### Source material
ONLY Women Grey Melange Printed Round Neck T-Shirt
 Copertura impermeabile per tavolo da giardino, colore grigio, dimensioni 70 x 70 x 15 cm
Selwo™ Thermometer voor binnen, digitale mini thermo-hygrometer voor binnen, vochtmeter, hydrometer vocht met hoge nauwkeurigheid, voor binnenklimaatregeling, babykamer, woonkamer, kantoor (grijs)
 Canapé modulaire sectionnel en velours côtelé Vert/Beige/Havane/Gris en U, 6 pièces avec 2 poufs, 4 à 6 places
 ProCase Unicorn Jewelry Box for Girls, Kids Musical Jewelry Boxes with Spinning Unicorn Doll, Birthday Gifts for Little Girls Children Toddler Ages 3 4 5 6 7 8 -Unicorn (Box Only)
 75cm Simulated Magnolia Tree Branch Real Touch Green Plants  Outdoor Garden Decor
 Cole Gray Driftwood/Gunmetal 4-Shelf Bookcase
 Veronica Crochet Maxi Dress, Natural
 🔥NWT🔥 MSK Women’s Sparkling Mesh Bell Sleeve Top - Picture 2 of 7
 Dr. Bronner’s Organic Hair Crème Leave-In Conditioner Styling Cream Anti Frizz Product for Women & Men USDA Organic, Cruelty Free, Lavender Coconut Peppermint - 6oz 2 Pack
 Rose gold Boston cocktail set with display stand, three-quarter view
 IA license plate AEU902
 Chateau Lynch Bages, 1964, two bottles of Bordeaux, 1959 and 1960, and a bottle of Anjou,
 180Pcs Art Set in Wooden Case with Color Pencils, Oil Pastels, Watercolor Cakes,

### Your assignment
Where in the records does the string "Women" appear? Copy every line that has it.

### Reply to the task
ONLY Women Grey Melange Printed Round Neck T-Shirt
 🔥NWT🔥 MSK Women’s Sparkling Mesh Bell Sleeve Top - Picture 2 of 7
 Dr. Bronner’s Organic Hair Crème Leave-In Conditioner Styling Cream Anti Frizz Product for Women & Men USDA Organic, Cruelty Free, Lavender Coconut Peppermint - 6oz 2 Pack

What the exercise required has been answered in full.